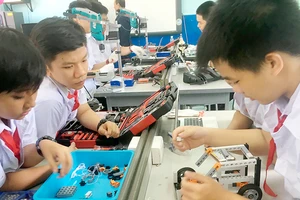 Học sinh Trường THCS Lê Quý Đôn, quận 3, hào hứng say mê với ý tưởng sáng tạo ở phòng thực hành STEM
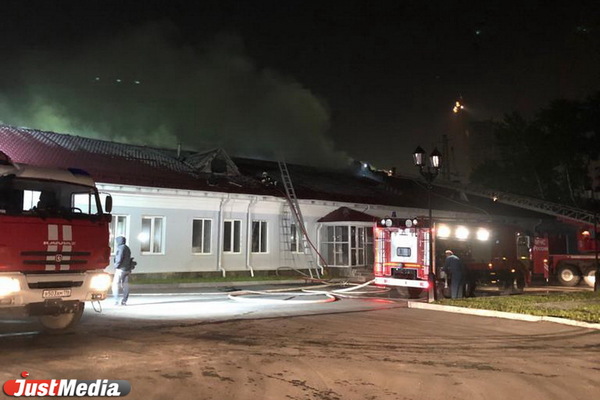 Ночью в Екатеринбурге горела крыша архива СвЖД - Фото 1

--

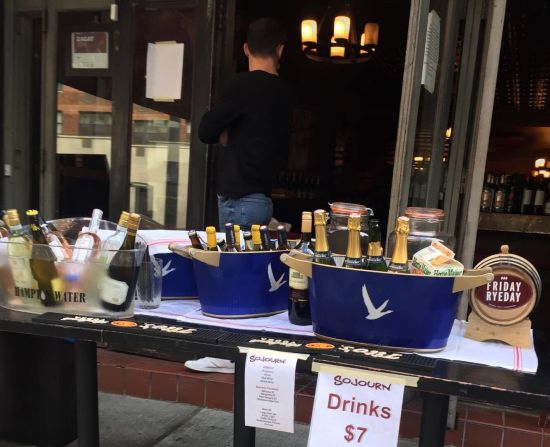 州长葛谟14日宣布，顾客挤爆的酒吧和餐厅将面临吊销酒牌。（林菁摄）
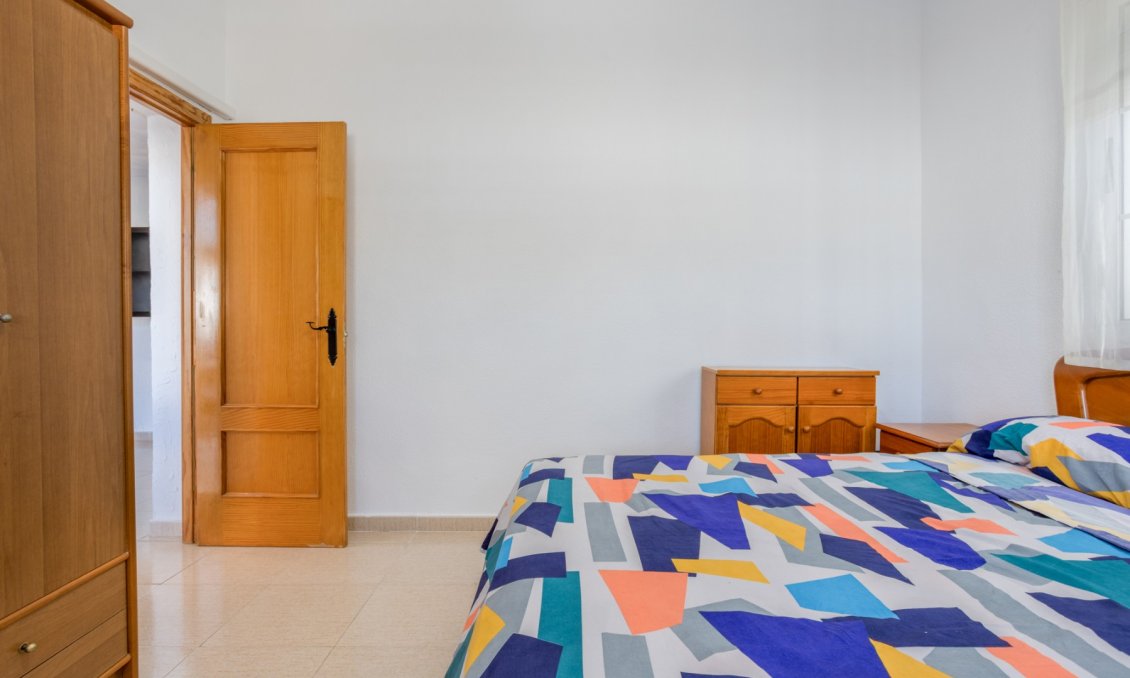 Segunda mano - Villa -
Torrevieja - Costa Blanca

**What you are asked to do**: Starting at the line containing "Học sinh Trường" and stopping at the line containing "Ночью в Екатеринбурге", output every line above exactly, both ends included, with pictures omitted.

**Solution**:
 Học sinh Trường THCS Lê Quý Đôn, quận 3, hào hứng say mê với ý tưởng sáng tạo ở phòng thực hành STEM
 Ночью в Екатеринбурге горела крыша архива СвЖД - Фото 1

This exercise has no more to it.